* [AIM OF THE TASK] Make an exact copy of the lines from the one containing "Best Color Contrast Checker" through the end of the records below, and leave out every picture.

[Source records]

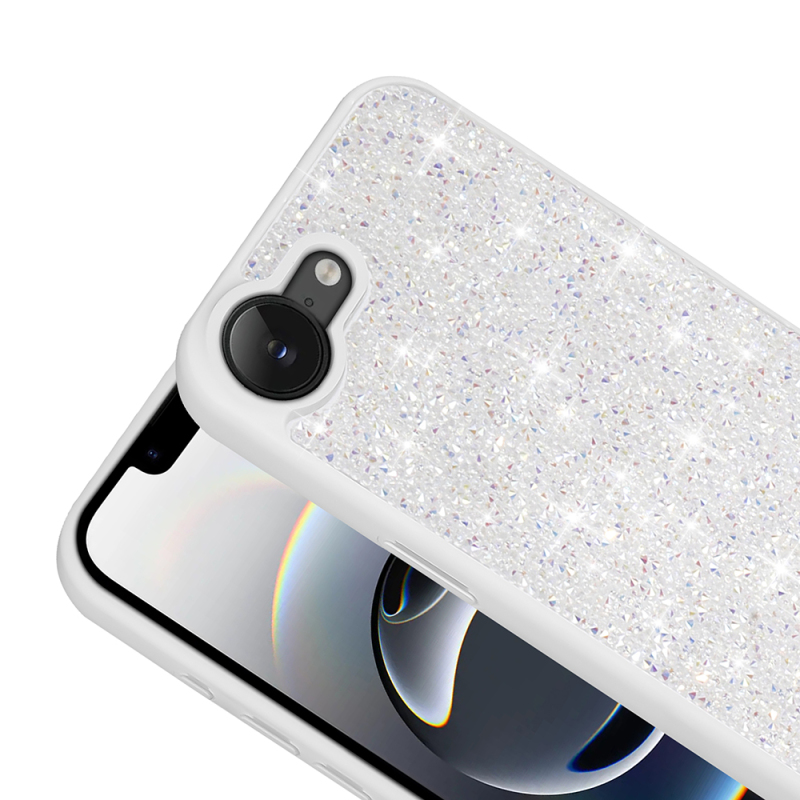 Apple iPhone 17E Case with Sparkling Stone Design Zore Diamond Cover - 10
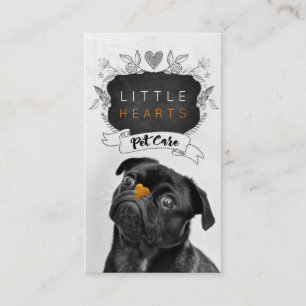 Cartão De Visita Serviços de Pet Care/ Sitting Services / Pet Comp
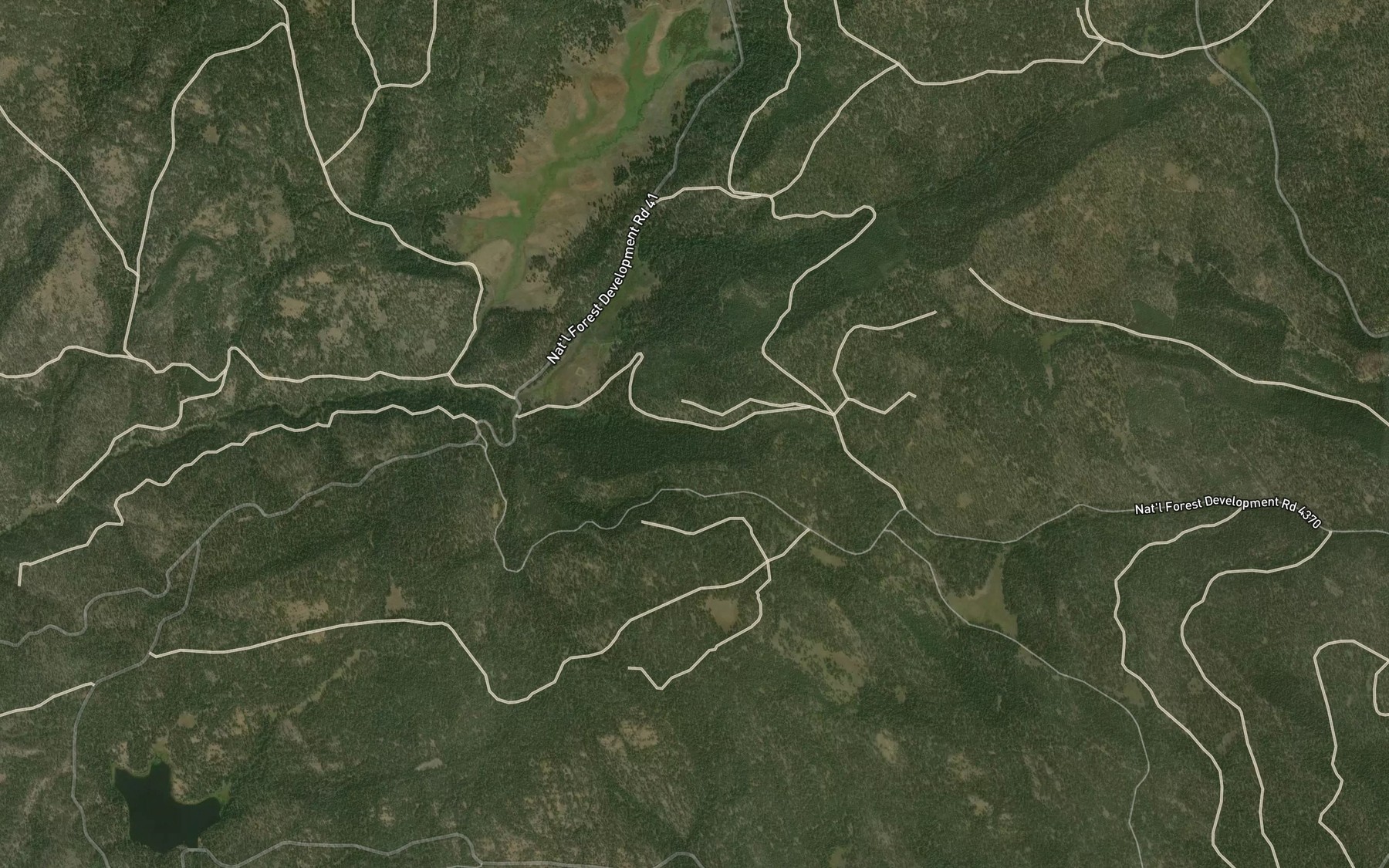 Satellite map of the Culvert Spring
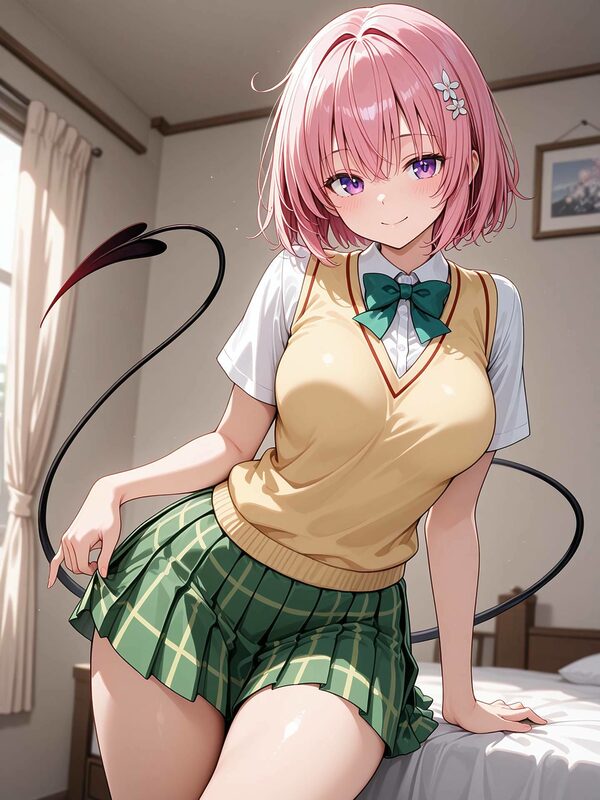 モモちゃんと濃厚セックス! 画像1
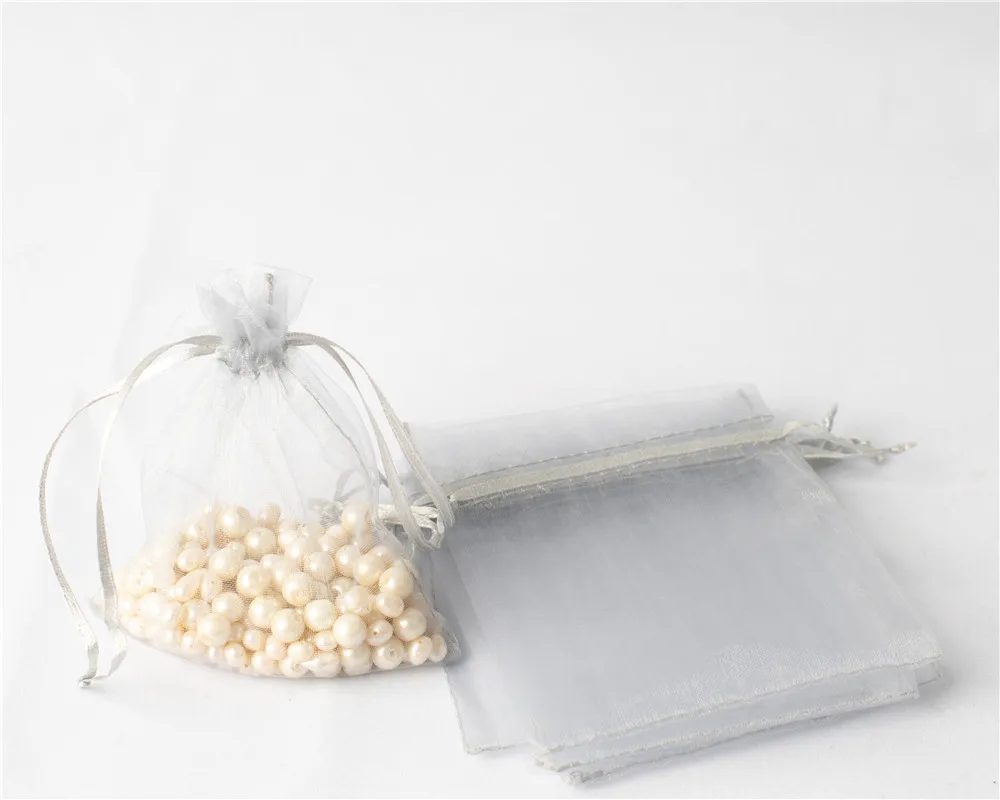 Elegant Organza Gift Bags for Special Occasions (50 Pack)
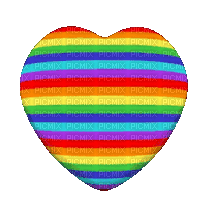 rainbow heart - Gratis geanimeerde GIF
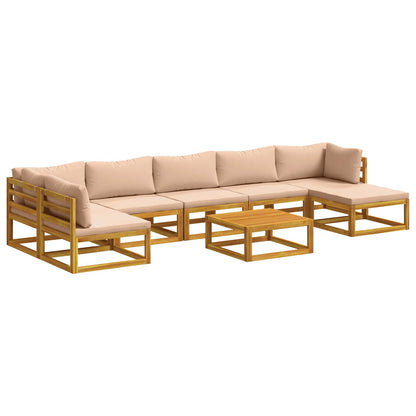 vidaXL Sofa Set 8 pcs Natural Solid Acacia Wood 2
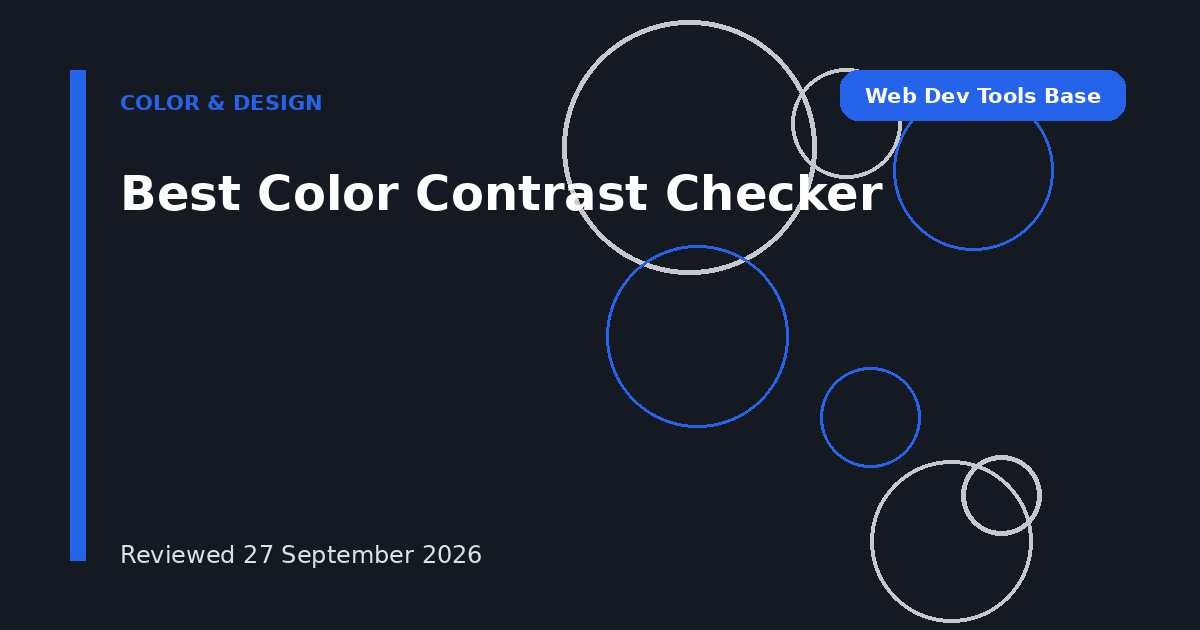 Best Color Contrast Checker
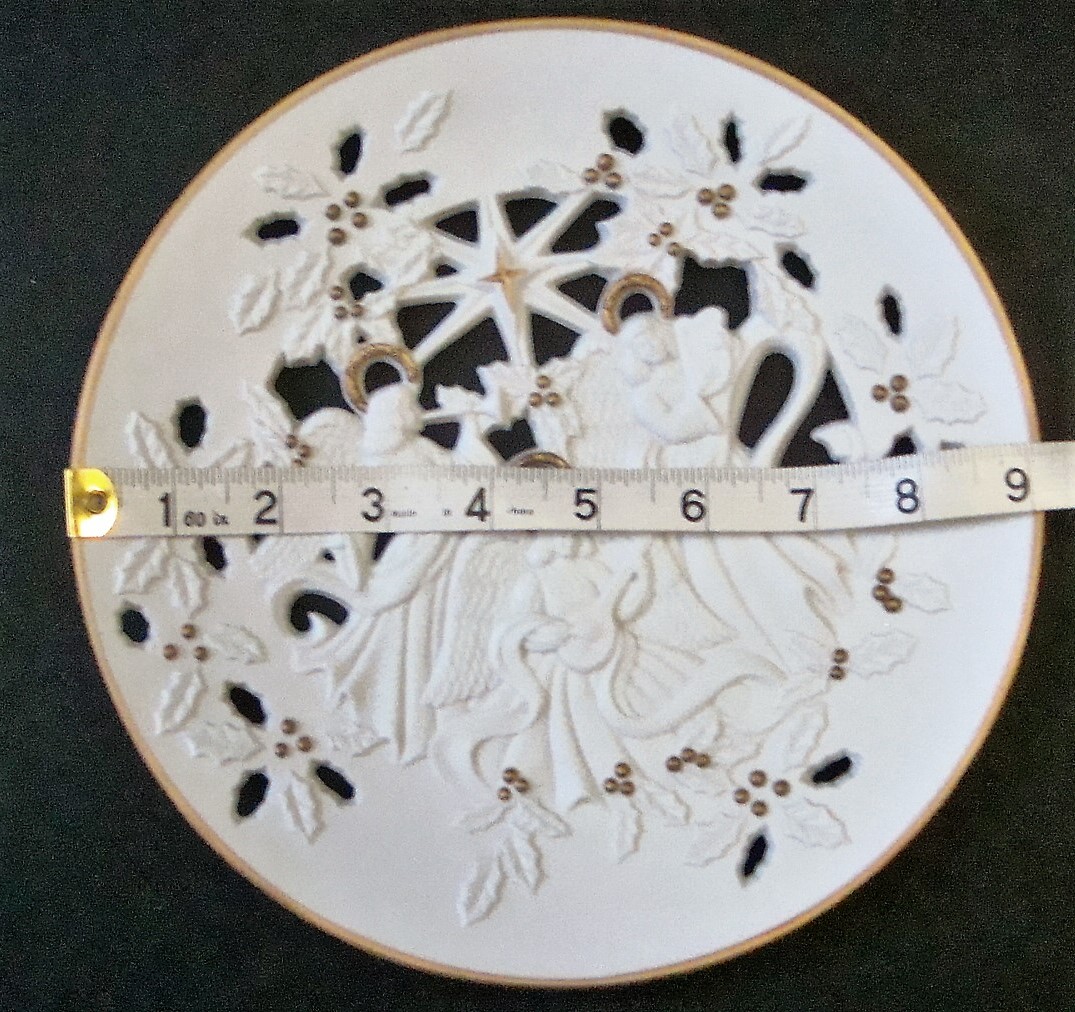 Lenox Decorative Plate The Heralding Angels 1994, No Box Collector Plates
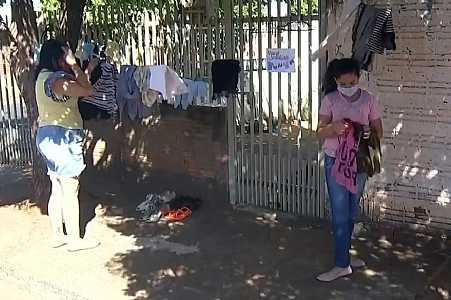 Menina cria varal solidário para ajudar famílias em Votuporanga
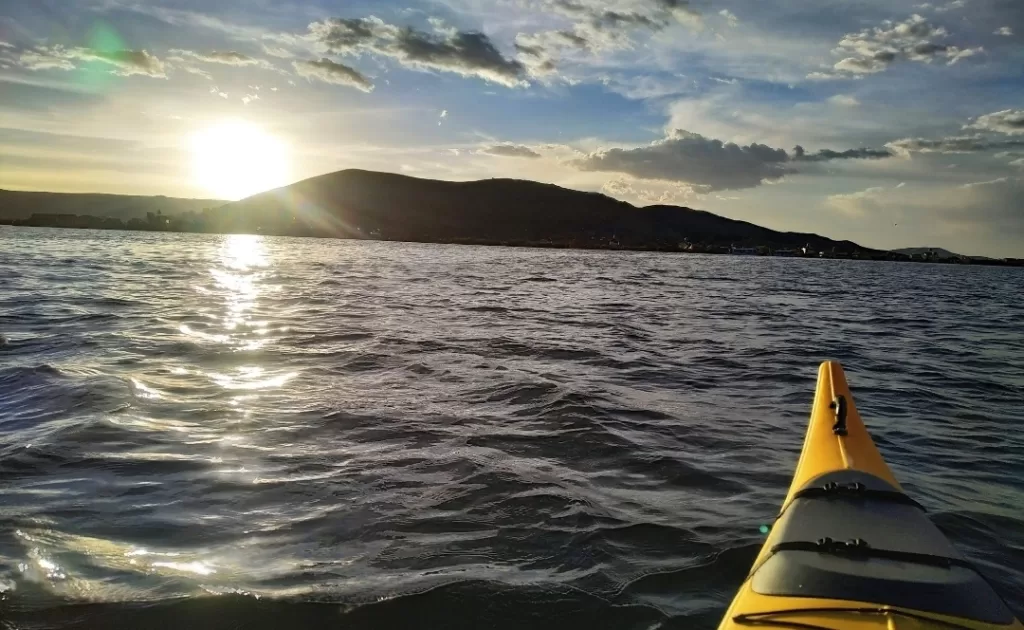 Gain stanning view of the sunset from your kayak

* [ANSWER TO THIS EXERCISE]
 Best Color Contrast Checker
 Lenox Decorative Plate The Heralding Angels 1994, No Box Collector Plates
 Menina cria varal solidário para ajudar famílias em Votuporanga
 Gain stanning view of the sunset from your kayak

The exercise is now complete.